Als alternative Frage zum Buchtitel wäre die Frage interessanter, wie viele Lese-Sessions ein Paar bereits gemacht hat. Waren es mindestens 30?

Natürlich können eure Rituale auch andere sein. Doch wie in Lektion 63 – „Braucht es andere Partner?“ – begründet, sollten sie Input von außen beinhalten. Workshops können hervorragende Inspiration sein. Je nach Thema, Umfang und Qualität gehen sie aber oft nicht wirklich tief, sind damit eher ein guter Start und verdienen dann weitere Vertiefung.  Dies ist meiner Erfahrung nach mit guten Büchern am effektivsten erreichbar. Der Input ist meist qualitativ am hochwertigsten oder am vollständigsten. Außerdem gibt es Inhalte, die auf anderen Wegen nicht oder nur schwer verständlich sind.

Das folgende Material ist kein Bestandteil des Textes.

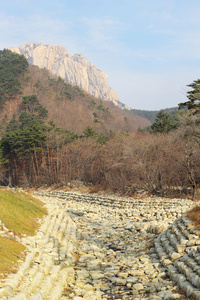 美丽的风景，在 seoraksan 韩国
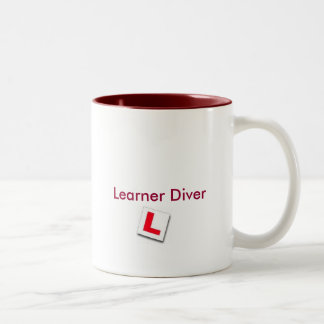 LEARNER DIVE - Customized Two-Tone Coffee Mug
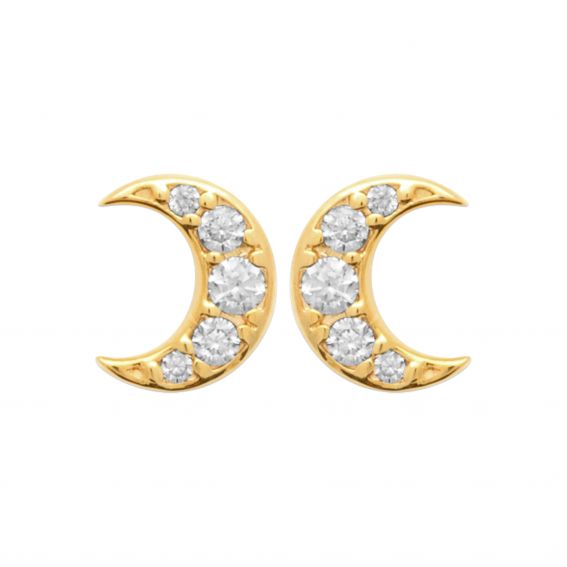 Bijou argent/plaqué or copy of 18k zirconium gold plated earrings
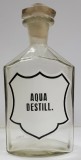 Flacon de farmacie AQUA DESTILL.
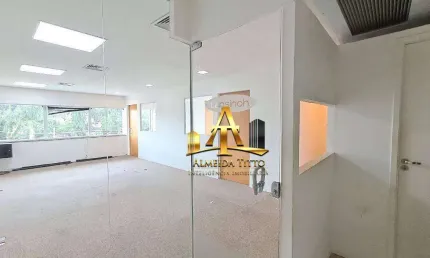 Sala para Locação com 114 m² por R$ 7.557/mês - Edifício Araguaia Plaza em Alphavile - Barueri/SP.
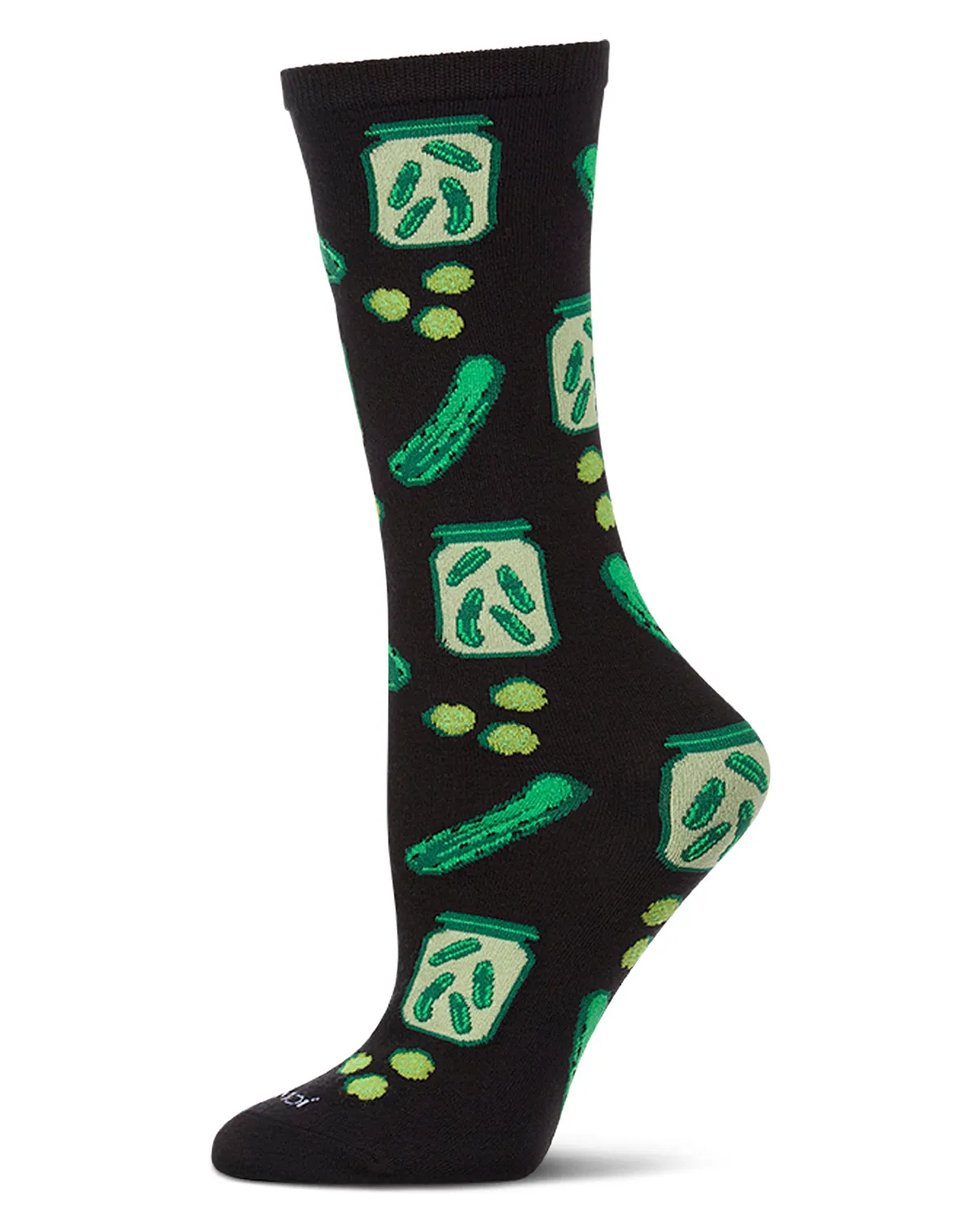 Women's "Just Dill With It" Novelty Crew Sock in Fun Gift Packaging sold by MeMoi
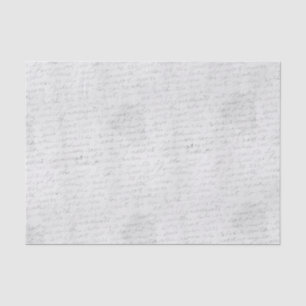 Handwritten Cursive Letter Tissue Paper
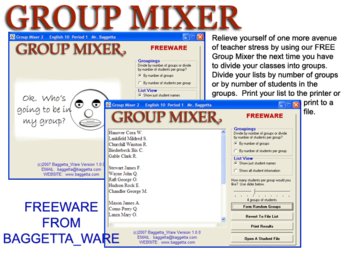 Preview of Group Mixer -- Select Student Groups
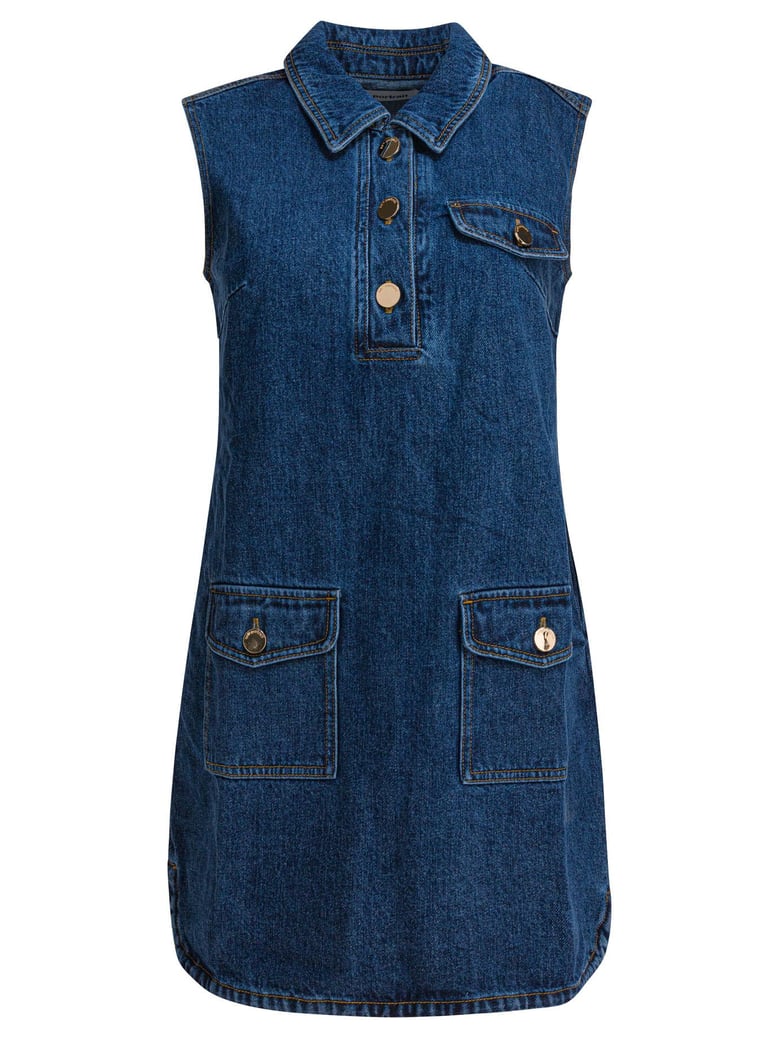 blue cotton dress by Selfnex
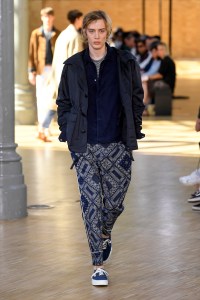 Model on the catwalk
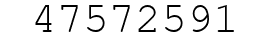 Number 47572591.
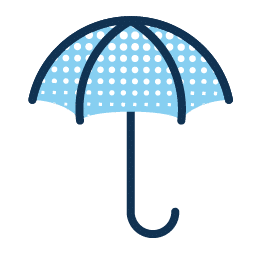 Umbrella icon.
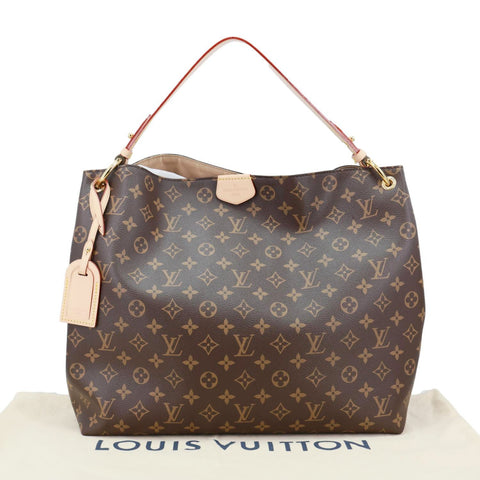 LOUIS VUITTON Graceful MM Monogram Canvas Shoulder Bag Brown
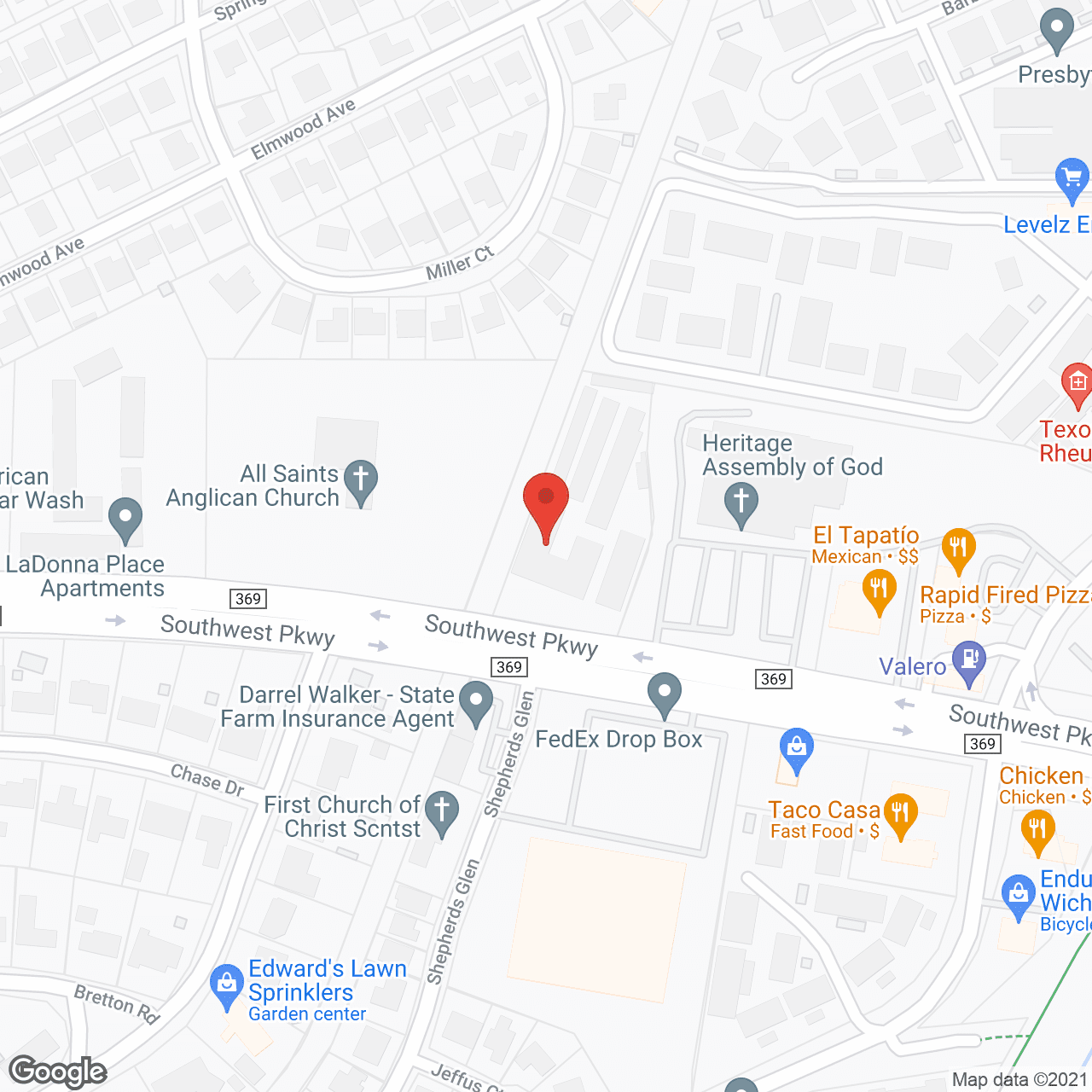 Southwest Parkway Nursing Ctr in google map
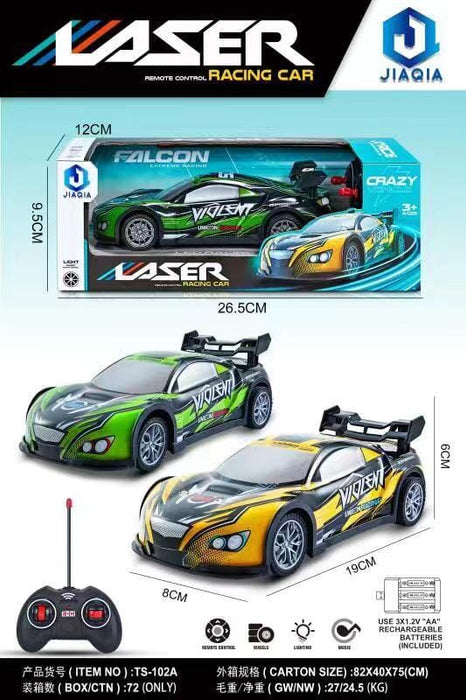 Blue Burst PVC RC Car game Toy Green 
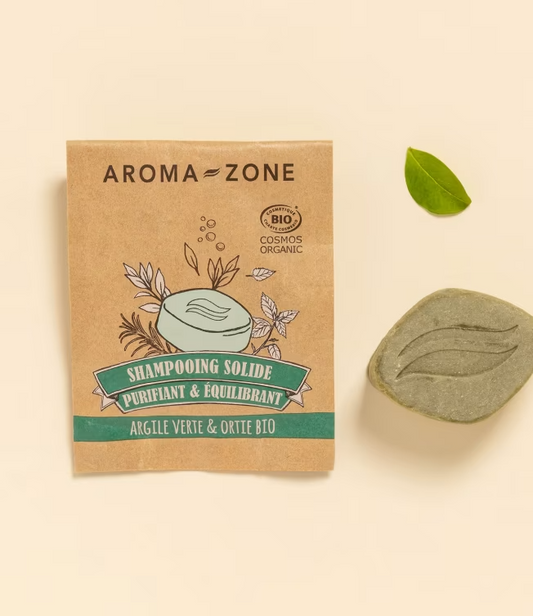 Aroma-Zone Shampoing Solide BIO : purifiant et équilibrant 50 utilisations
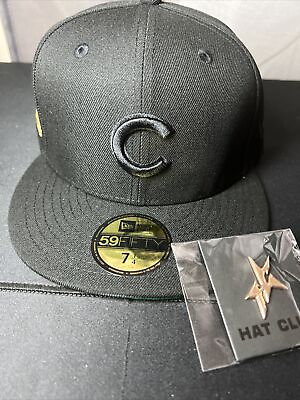 #ad HAT CLUB NEW ERA CHICAGO CUBS 2005 WORLD SERIES GOLD DIGGERS Fitted Hat 7 1 4 $79.95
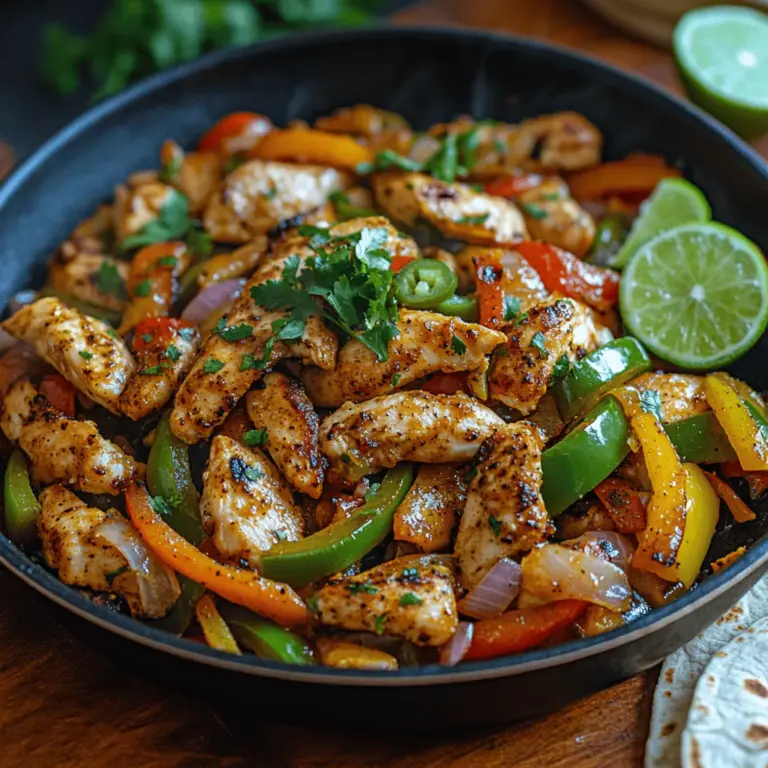 If you’re looking for a vibrant and delicious meal that brings a taste of the Southwest straight to your dinner table, look no further than Fiery Jalapeño Lime Chicken Fajitas. This recipe not only tantalizes the taste buds but also stands out with its robust flavors and colorful presentation. Fajitas, traditionally known for their sizzling appeal, are a favorite among many, and this rendition takes the classic dish to a whole new level with the addition of fiery jalapeños and zesty lime.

Entwicklung, Rituale, Alltag & Routine

Es ist leicht, in einen Trott zu verfallen, mit dem man auch recht zufrieden ist. Fast schon unabhängig von ihrer sexuellen Entwicklung können Menschen damit zufrieden sein, was sie haben. Selbst in Situationen, die sie im Nachhinein als furchtbar bezeichnen. Das passiert, wenn man Erwartungen von außen erfüllt und glaubt, dass mehr nicht gehe.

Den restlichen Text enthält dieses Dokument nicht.